The push for lacrosse at Maria Carrillo

The SRLC Vikings walk off the field together after a hard fought match against Elk Grove (Photo courtesy of Cindy Lui)

By Cohen Ferrari, staff writer

Public and private high schools in Sonoma County as well as neighboring counties in the same leagues all have lacrosse teams to represent their schools. These include Petaluma, Windsor, Casa Grande, Rancho Cotate, Sonoma Valley, Sonoma Academy, Cardinal Newman, St. Vincent de Paul, Vintage, and Justin-Siena. All of these schools routinely play against the Pumas in most other sports, which raises the question: If so many others in the area have established lacrosse teams, why not Carrillo? 

Although it first gained prominence on the East Coast, lacrosse is a sport that is rapidly spreading throughout the West. However, Maria Carrillo High School is yet to establish a team. The highly physical contact sport is most distinguishable by the spectacle of its players, with bulky pads, short shorts, and sticks with nets slung over their shoulders made for throwing a small ball into a net at high velocities. According to the Southern California Lacrosse Association, the state has experienced a 27% rise in school lacrosse teams in just the last five years as well as a staggering 225% gain in national participation over the last 15 years. Lacrosse has a lot of momentum spreading to more and more schools, and even though the sport is statistically the fastest growing school sport in the US, MCHS is yet to jump on the bandwagon. 

As of now, the dominant organization pioneering the expansion of youth lacrosse in Santa Rosa is the Santa Rosa Lacrosse Club (SRLC). Since 1994, the SRLC has consistently been adding new teams to their organization, as more and more kids in Sonoma County are being drawn to the sport. A major inconvenience, though, is the fact that club lacrosse teams are widely dispersed throughout northern California, which results in teams from the SRLC having to travel for an upwards of two to three hours just for a single away game on the weekends. As the club has grown, both players and parents alike have expressed interest in introducing lacrosse to local high schools, since the need to travel would be drastically cut down and kids who primarily play lacrosse would be able to represent their schools playing the sport they love.

The general sentiment among students at MCHS seems to be in favor of a lacrosse team. “If Carrillo had lacrosse I would definitely show up for the games. I feel like it would be fun to root for a fast paced sport that is different from football or basketball since we don’t really have a sport like that in the spring season,” said senior Pranav Thyagarajan, a sports enthusiast. Furthermore, most club players on the SRLC Vikings, the local varsity level club team that practices and plays at Montgomery High School, attend Carrillo. “It is a shame that we don’t have a team since I know that most of the Vikings would love to play for Carrillo, and we would probably be one of the better teams in the county,” said Liam McGarva, member of the SRLC Vikings and sophomore at MCHS.

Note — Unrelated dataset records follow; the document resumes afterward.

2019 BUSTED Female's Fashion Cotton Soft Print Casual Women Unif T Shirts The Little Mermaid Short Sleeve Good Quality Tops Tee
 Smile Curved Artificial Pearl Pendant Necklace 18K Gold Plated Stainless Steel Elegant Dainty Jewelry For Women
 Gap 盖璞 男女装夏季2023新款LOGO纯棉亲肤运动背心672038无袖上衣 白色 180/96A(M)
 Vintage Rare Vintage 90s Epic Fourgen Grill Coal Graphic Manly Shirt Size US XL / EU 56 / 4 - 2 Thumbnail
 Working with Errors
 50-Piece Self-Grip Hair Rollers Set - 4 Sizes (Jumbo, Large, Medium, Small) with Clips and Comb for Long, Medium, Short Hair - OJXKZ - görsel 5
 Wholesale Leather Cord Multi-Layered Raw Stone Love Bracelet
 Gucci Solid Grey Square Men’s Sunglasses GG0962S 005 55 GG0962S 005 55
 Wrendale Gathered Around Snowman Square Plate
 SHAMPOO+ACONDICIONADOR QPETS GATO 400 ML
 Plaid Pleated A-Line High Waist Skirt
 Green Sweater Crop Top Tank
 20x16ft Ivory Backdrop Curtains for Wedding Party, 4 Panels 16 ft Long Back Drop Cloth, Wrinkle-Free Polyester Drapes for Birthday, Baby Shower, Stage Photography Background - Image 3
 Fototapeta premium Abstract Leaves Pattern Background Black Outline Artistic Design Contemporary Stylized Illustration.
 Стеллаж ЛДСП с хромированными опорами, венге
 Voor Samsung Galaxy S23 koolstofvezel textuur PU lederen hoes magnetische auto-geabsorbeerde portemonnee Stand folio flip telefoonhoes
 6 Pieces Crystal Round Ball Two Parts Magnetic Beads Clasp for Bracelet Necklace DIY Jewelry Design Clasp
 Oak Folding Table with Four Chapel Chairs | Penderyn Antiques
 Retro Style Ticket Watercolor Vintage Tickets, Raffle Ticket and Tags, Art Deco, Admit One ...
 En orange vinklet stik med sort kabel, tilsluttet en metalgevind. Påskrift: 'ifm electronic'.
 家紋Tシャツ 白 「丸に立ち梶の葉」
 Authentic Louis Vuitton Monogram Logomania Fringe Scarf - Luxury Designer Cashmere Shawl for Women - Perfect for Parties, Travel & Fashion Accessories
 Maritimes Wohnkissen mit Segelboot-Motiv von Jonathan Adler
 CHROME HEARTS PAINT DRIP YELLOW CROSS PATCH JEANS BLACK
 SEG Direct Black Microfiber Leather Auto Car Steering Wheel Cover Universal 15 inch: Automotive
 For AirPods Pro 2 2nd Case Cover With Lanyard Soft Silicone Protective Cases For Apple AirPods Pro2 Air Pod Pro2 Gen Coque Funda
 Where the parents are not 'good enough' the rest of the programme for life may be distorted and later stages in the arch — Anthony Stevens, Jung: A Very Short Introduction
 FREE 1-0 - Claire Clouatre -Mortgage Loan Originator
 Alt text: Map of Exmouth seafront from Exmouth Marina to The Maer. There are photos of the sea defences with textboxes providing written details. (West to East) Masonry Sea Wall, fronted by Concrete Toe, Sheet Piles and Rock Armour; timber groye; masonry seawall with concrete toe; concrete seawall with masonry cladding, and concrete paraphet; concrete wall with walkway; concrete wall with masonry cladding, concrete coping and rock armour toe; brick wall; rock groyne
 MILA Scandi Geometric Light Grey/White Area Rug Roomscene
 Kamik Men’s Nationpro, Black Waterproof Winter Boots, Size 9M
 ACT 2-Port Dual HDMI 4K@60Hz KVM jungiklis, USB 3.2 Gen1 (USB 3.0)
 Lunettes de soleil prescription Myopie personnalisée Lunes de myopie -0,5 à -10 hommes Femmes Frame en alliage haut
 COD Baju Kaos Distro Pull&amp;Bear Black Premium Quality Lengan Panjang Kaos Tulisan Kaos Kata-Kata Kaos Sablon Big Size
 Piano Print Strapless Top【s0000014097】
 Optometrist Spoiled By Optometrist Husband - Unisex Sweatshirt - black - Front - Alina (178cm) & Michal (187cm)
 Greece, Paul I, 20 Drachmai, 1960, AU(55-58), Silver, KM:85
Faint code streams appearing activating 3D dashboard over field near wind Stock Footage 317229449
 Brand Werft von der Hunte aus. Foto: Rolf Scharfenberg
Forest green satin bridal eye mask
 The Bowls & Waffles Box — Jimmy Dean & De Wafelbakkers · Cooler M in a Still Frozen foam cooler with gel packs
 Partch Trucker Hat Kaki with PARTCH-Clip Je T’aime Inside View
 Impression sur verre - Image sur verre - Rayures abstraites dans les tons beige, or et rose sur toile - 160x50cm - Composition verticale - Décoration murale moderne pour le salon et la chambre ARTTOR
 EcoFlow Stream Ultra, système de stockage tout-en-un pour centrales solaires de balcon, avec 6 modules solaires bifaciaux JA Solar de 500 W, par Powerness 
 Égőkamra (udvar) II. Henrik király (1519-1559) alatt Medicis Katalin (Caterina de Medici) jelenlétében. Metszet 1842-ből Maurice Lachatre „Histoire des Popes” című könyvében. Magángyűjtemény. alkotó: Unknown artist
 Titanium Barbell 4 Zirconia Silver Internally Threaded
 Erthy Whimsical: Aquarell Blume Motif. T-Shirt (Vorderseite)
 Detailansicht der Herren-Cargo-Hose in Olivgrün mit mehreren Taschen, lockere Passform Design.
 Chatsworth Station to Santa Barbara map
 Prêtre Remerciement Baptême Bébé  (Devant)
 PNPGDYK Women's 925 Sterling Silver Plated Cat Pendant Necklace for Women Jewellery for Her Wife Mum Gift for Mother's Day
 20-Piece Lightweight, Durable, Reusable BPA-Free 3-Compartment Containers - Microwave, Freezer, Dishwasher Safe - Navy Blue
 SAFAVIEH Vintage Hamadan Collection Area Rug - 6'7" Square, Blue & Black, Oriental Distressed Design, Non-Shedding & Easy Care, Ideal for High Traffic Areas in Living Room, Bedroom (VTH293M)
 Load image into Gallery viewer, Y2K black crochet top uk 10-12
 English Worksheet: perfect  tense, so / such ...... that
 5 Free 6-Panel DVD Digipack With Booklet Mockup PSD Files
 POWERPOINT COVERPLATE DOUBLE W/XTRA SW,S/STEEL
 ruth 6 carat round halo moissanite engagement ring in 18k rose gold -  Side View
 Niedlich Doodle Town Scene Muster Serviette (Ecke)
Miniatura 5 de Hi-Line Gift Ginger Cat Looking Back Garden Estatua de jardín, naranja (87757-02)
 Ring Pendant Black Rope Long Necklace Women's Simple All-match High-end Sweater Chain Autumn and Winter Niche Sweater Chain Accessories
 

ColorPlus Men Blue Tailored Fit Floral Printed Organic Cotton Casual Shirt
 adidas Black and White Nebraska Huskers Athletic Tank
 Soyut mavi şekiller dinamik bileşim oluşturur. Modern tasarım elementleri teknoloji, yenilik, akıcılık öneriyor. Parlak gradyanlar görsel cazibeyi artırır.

Dave Sherman, coach of the SRLC Vikings, is also in support of a potential team at MCHS. “I would definitely be interested in coaching lacrosse at Maria Carrillo or helping to recruit qualified coaching candidates,” Sherman said. He also mentioned that the SRLC would be in full support of establishing other teams within the Santa Rosa City Schools district, explaining that “[the] club would be a great feeder system to the local high schools.” With clearly a lot of optimism surrounding the establishment of a lacrosse team at Carrillo, why has the push become so stagnant?

The issue of establishing a team at Carrillo lies not within the school itself, but with the entire SRCS district as a whole. According to Jerry Deakins, the athletic director at MCHS, “Carrillo itself cannot make the decision’, [Lacrosse] would have to be at all Santa Rosa City Schools, and the district would have to make that decision.” Another major concern that he addressed was the cost, explaining that reconditioning all the equipment each year and putting lacrosse lines on every field is very expensive. Deakins said that he would support a MCHS lacrosse team; however, he says that it is not his choice and that “the decision has to come from the district.” 

The development of lacrosse is certainly an underdog story. Its fans and players routinely try as hard as possible to push the sport to new horizons, even when lacrosse is not always recognized alongside other popular and well established school sports. However, even with all of the passion, determination, and optimism surrounding the possibility of high school lacrosse, those who want to see MCHS and other Santa Rosa City Schools start lacrosse organizations will have to continue showing the district that it is something the people want, and hopefully, new opportunities for lacrosse at Maria Carrillo will arise with time.